Does PrivX support Multi-Factor/Two Factor Authentication (MFA/2FA) as standard?
Yes, native MFA/2FA is supported as standard. Any Time-Based One Time Password (TOTP) solution will be compatible such as Google and Azure Authenticators, Physical access tokens such as Yubi-Key can also be used.

Does PrivX support role based access management to credentials, administrative functions and features like auditing?
Yes, role based access management is the primary means of governing access rights and permissions within PrivX.

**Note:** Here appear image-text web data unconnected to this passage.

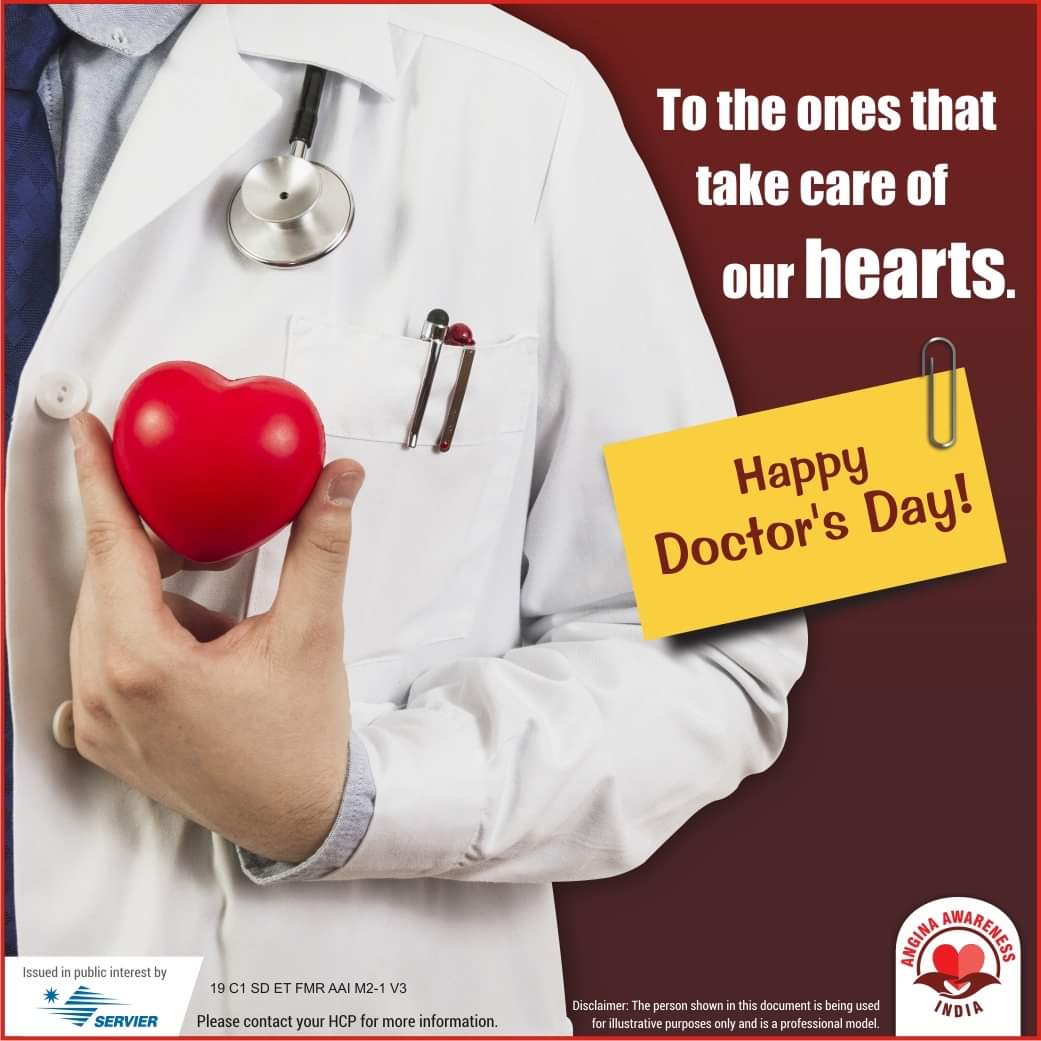 AamirSayed1990's tweet photo. Angina Awareness India wished all Doctors a very Happy Doctor’s Day!
#AnginaAwarenessIndia
#LetsGetAnginaUnderControl
#AnginaAwarenessInitiative
#DontIgnoreTheHeartsMessages https://t.co/q6k4DeHWyU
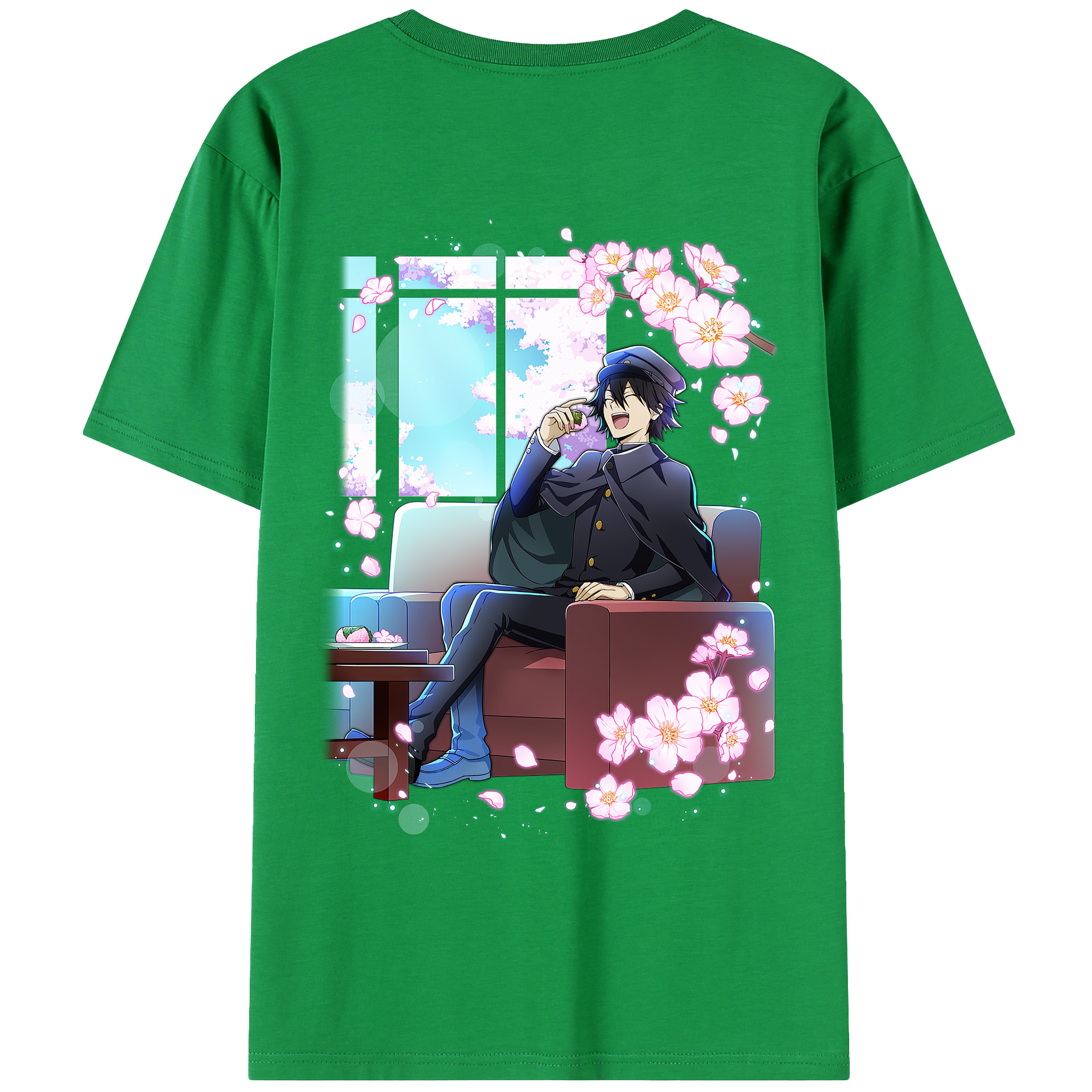 （画像用） 文豪ストレイドッグス Bungo Stray Dogs 綿100％ メンズ半袖Tシャツ（バックプリント） 通気性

Will I be able to segregate and split administrative duties between different roles e.g. configuration admin, user admin, or site #1 admin and site #2 admin?
Yes, administrative rights and/or actions can be delegated to other roles and their associated users by creating additional PrivX accounts with delegated or limited permission sets.

Can I limit auditor and/or security team focused roles for providing access to audit events only?
Yes, you can limit auditor and/or security team focused roles to only audit events excluding all other permissions. Links to specific session recordings and audit logs can also be provided for ad-hoc review.

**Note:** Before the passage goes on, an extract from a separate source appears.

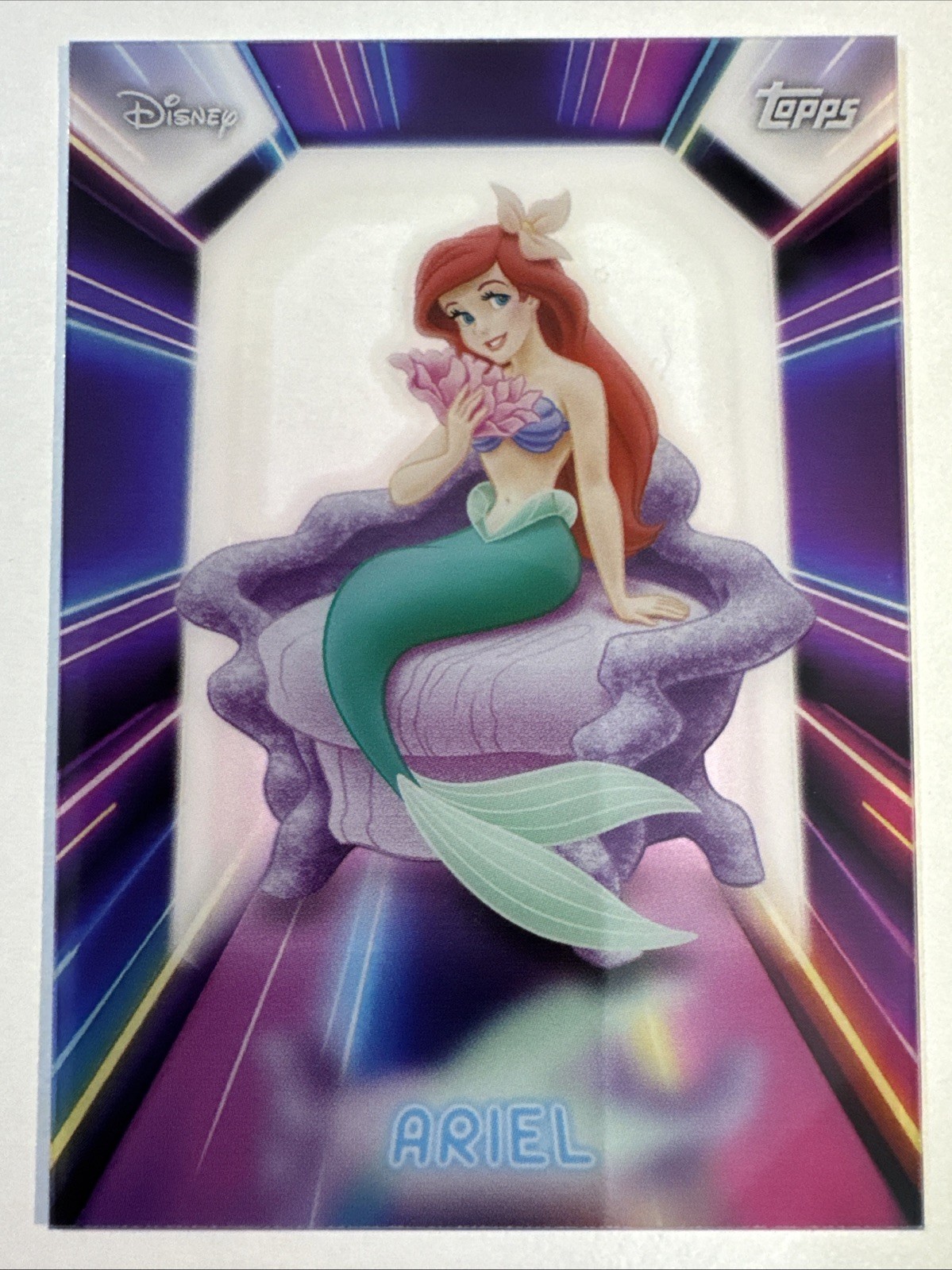 2026 Topps Disney Neon Ariel Illuminated Neon Lights #NPL-3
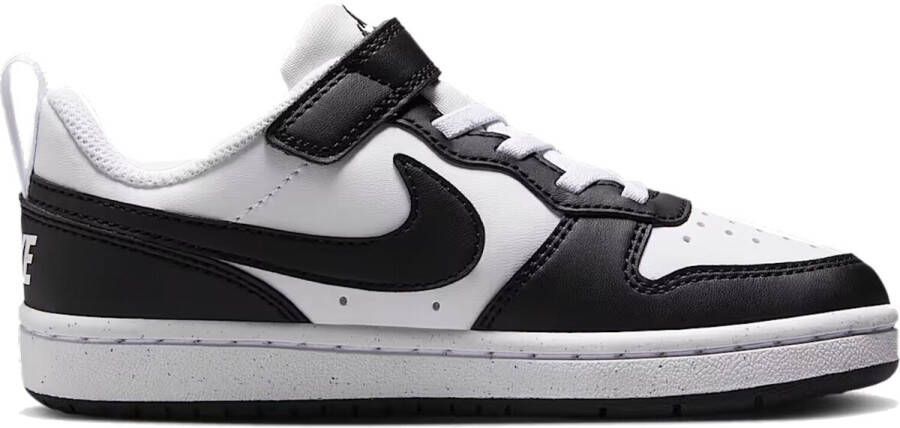 Nike Court Borough Low Recraft Sneakers Zwart Wit Kids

Does PrivX support access hierarchies to define access rights to the users?
Yes, access group and associated hierarchy information is fed into PrivX when synchronised/federated with IGA tools and directory services such as AD.

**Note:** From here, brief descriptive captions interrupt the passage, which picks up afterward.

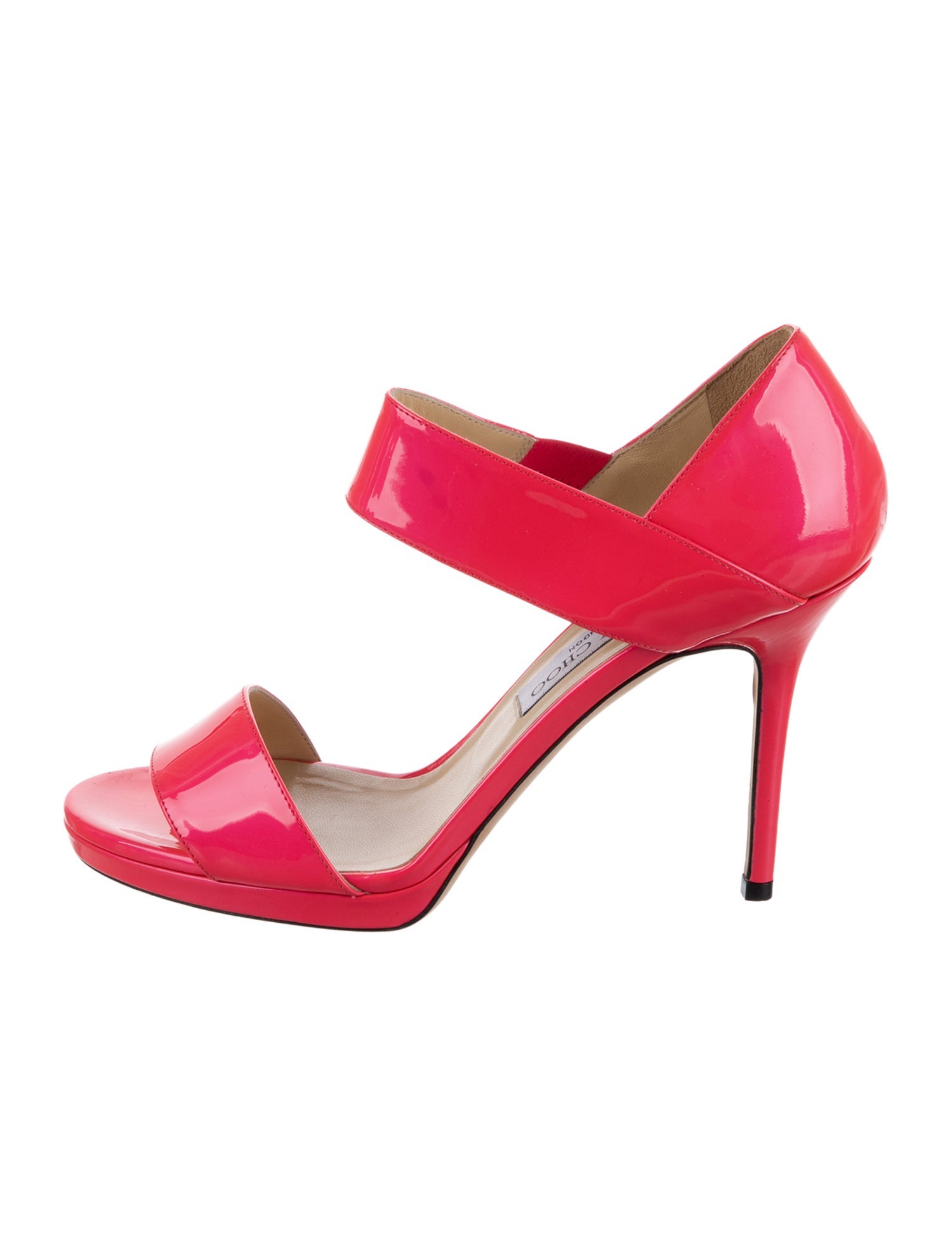 Jimmy Choo Patent Leather Sandals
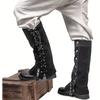 Medieval Pirate Boots Gabriel Sudes Boot Covers Renaissance Gaiters Shoe Covers for Halloween Cosplay Party Stage Props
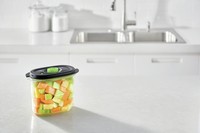 FoodSaver FFC023X Lebensmittelaufbewahrungsbehälter Oval Box 1.8 l Schwarz - Transparent 1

Can I map one account per end user for multiple instances including shared accounts on targets?
Yes regardless of the account used to login into targets, users are mapped back to a single identity and are therefore fully accountable.

Will I be able to remove/terminate access in the event of an emergency?
Yes, roles can be revoked as well as active sessions being terminated by those with appropriate permissions.

How does Ephemeral Cert/Smart Card authentication work for Windows RDP targets?

When accessing via PrivX GUI

  1. The Windows Active Directory is configured to trust the PrivX CA -> the trust anchor has been imported to the Windows CA on the AD - PrivX acts as a subordinate Cert authority
  2. A user initiates a connection to a target host within the domain 
  3. The RDP proxy component asks our internal CA for an ephemeral certificate 
  4. Authorizer checks the user’s roles and makes a decision if he should be allowed to connect to the target host 
  5. If yes, an ephemeral certificate (valid for 5 mins) with a baked-in principal name is given to the RDP proxy
  6. The certificate is used to authenticate the RDP session to the target host
  7. The target host makes a CRL check to the CRL endpoint defined in the certificate
  8. User is logged in, there are no per-session keys or certificates to be rotated since the virtual smart card certificate used for login is short-lived.